Firefighters go door-to-door armed with fire safety information

This is an archived article and the information in the article may be outdated. Please look at the time stamp on the story to see when it was last updated.

SAN DIEGO - San Diego Fire-Rescue firefighters, cadets and volunteers banded together in an effort to educate people about the importance of being ready if a fire sparks.

"We used to call this period of time in September, October, November ‘wild fire season.’ We no longer do that, wild fire season in California is now year round,” Chief Javier Mainar said.

Armed with information he and others went door to door, handing out informational packets filled with brochures and contact information for nearby fire departments. Volunteers took pride in their responsibilities.

“I mean, I live in this community and try to help out the best I can. You never know when a disaster is going to strike,” CERT volunteer Ralph Buna said. Community Emergency Response Team (CERT) volunteers are trained citizens who support first responders during disasters.

Other volunteers echoed his enthusiasm. “Keeping people safe, making sure that they’re aware of fire dangers is critical to keeping people safe this fire season,” Tiffany Vinson said.

She passed out dozens of informational packets, taking time to explain the contents to each person who answered the door. If someone wasn’t home, no problem; volunteers and fire fighters left the informational packets at the resident’s door.

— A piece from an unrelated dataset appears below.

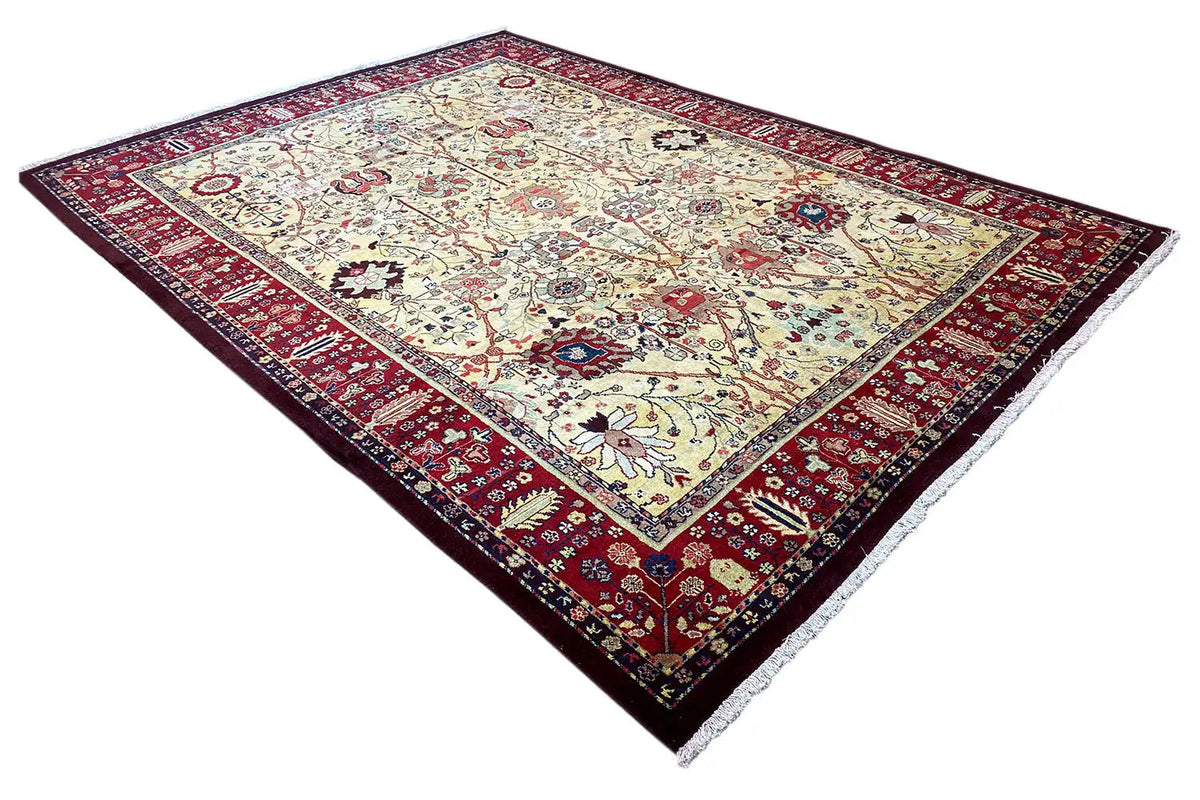 Sultan Abad exclusive rug with ornaments, cream-colored center and red border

Chief Mainar made it clear their dedication to serving their fellow community members did not go unnoticed. “Frankly, without their assistance we couldn’t get this done to the degree that we would like to,” he said.

The goal was to reach 6,000 different homes in one day. They stuffed thousands of bags with brochures and plotted specific routes on maps. They say taking that extra step to go door-to-door has proven to be successful.

Scripps Ranch resident Hilary Bowers said she’s already taking steps to prepare for a possible fire. “We have a box with all of our important papers and vaccine records for the kids and birth certificates, things like that,” Bowers said.

Chief Mainar said he hopes others follow her lead, especially those who live in homes near high acreage wild land and near canyons.

“The more they do in advance of a fire, even on an inner city canyon, the better we can be prepared; the more safely our firefighters can operate and the better job we can do for everyone,” he said.

San Diego Fire-Rescue recommends the following steps to prepare your home and family for a fire:

Sweep gutters, roofs, and eaves regularly. Remove dead branches around chimneys.

If fire is approaching, remove combustible materials, including wood piles, lawn furniture, doormats, barbecue grills, and tarps, from around your home.

Locate your evacuation checklist and assemble the items in it. Place these items in your vehicle.

Evacuate before the fire approaches your home. Back your car into the driveway and roll up the windows to allow for a quicker getaway. Plan to bring your valuables and your pets.

Close and protect your home's openings, including attic doors and vents, windows, doors, and pet doors. Remove flammable drapes and curtains and close all shutters, blinds, or heavy non-combustible drapes. Do not lock the doors and windows in case firefighters have to make a quick entry to fight the flames.

Close all the interior doors in your home and the fireplace screen. Open the fireplace damper.

Shut off any natural gas, propane, or fuel oil supplies at the source.

Connect garden hoses and fill any pools, hot tubs, garbage cans, tubs, or other large containers with water.

Disconnect garage door openers so the doors will open if there is no power.

Place a ladder against the house in clear view.

Turn on the outside lights and at least one light in each room to make your house more visible in heavy smoke.